| Task directions |
Repeat the data word for word and skip the pictures.

| Record set |

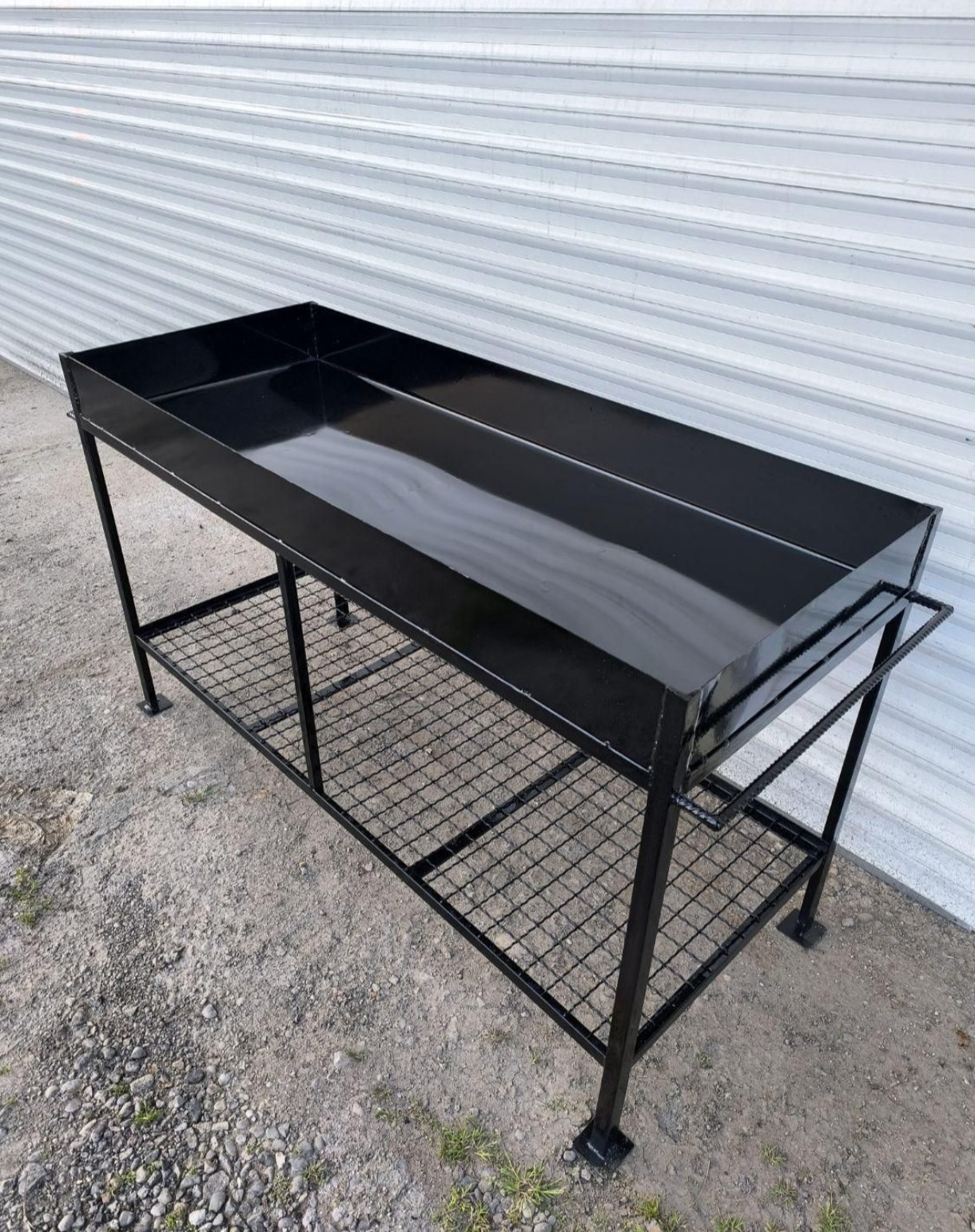 منقل کباب متری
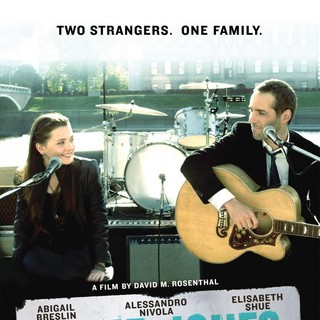 Poster of Tribeca Film's Janie Jones (2011)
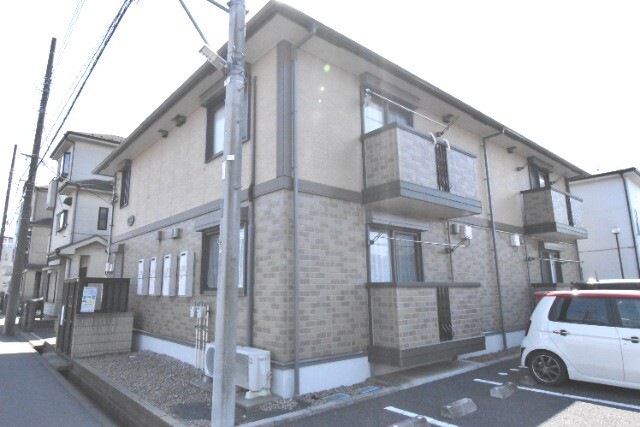 ��ʌ��������܎s�k��{�����S���ڂ̃A�p�[�g�̌����O��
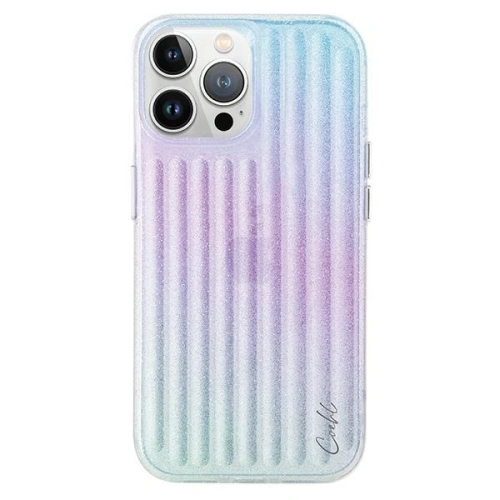 Kup Etui UNIQ Coehl Linear Apple iPhone 15 Pro Max stardust - UNIQ1011 - {ean13} - Sklep Home Screen
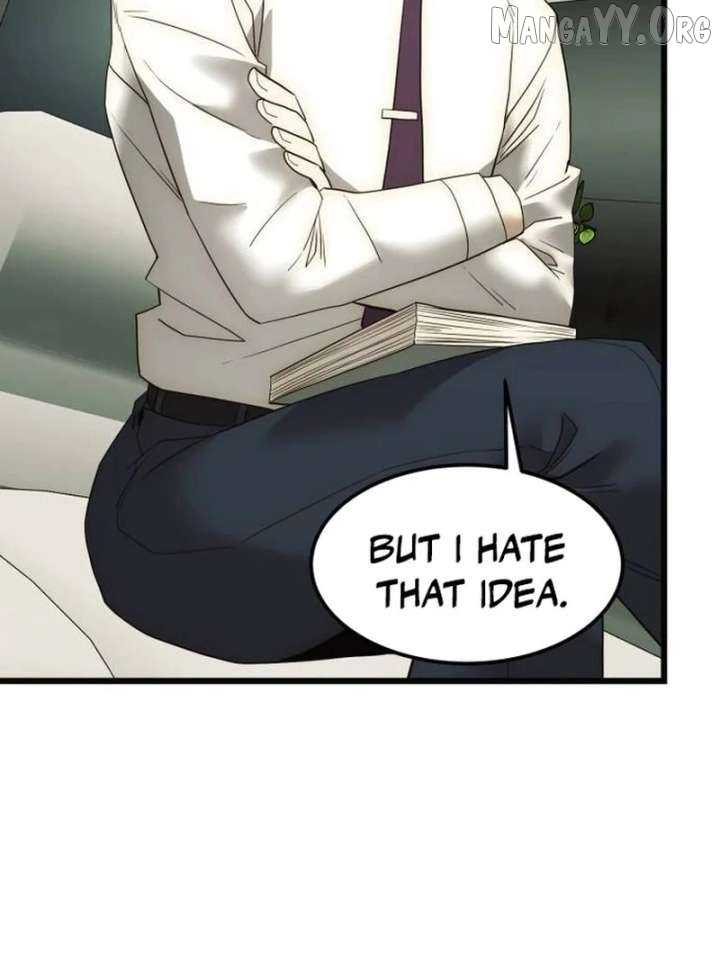 The Dignity of a Chaebol Chapter 18 - page 89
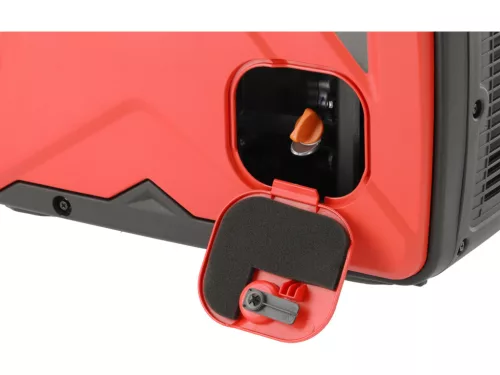 YATO Inverteres áramfejlesztő 3300 W 230 V (YT-85483)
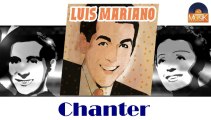 Luis Mariano - Chanter (HD) Officiel Seniors Musik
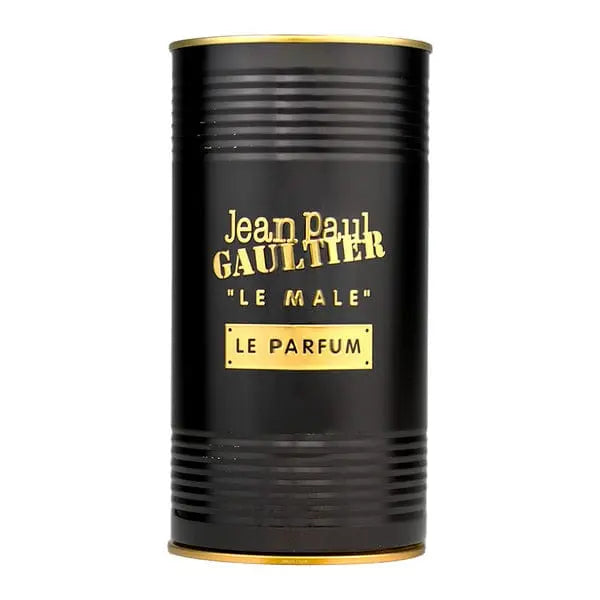 Le Male Le Parfum Intense By Jean Paul Gaultier For Men 6.8oz EDP Spray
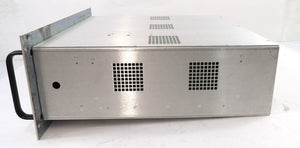 Unholtz-Dickie MCI60 Ultra Class Rack Mount Controller Untested Surplus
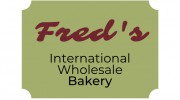 Fred's International Bakery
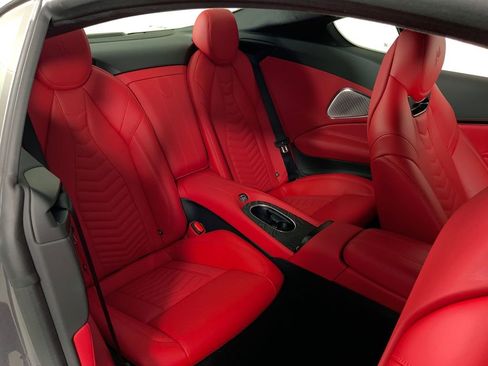 New 2026 Maserati GranTurismo Modena AWD/4WD image 33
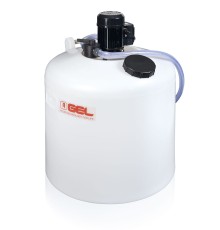 Насос от накипи GEL BOY C 230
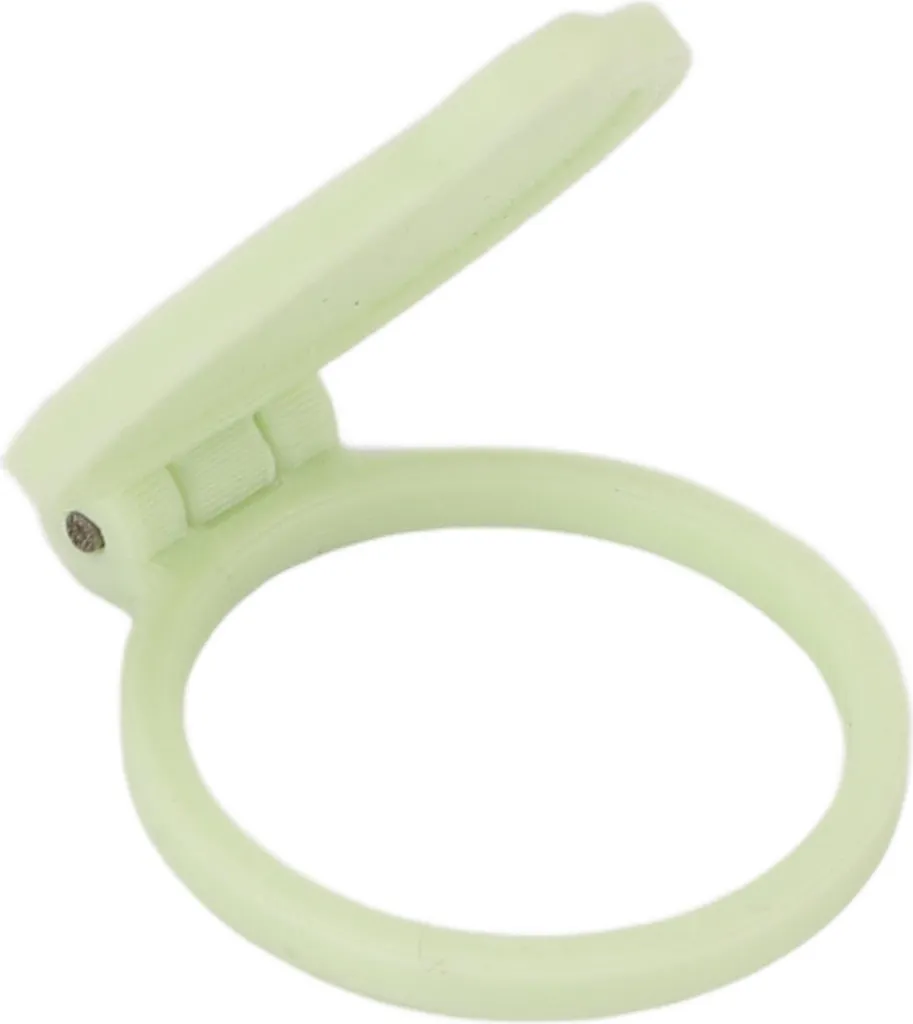 Accessorio Must-Have Wide 400: Tappo Protettivo Verde Chiaro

| The answer |
 منقل کباب متری
 Poster of Tribeca Film's Janie Jones (2011)
 ��ʌ��������܎s�k��{�����S���ڂ̃A�p�[�g�̌����O��
 Kup Etui UNIQ Coehl Linear Apple iPhone 15 Pro Max stardust - UNIQ1011 - {ean13} - Sklep Home Screen
 The Dignity of a Chaebol Chapter 18 - page 89
 YATO Inverteres áramfejlesztő 3300 W 230 V (YT-85483)
 Luis Mariano - Chanter (HD) Officiel Seniors Musik
 Le Male Le Parfum Intense By Jean Paul Gaultier For Men 6.8oz EDP Spray
 Unholtz-Dickie MCI60 Ultra Class Rack Mount Controller Untested Surplus
 Fred's International Bakery
 New 2026 Maserati GranTurismo Modena AWD/4WD image 33
 Насос от накипи GEL BOY C 230
 Accessorio Must-Have Wide 400: Tappo Protettivo Verde Chiaro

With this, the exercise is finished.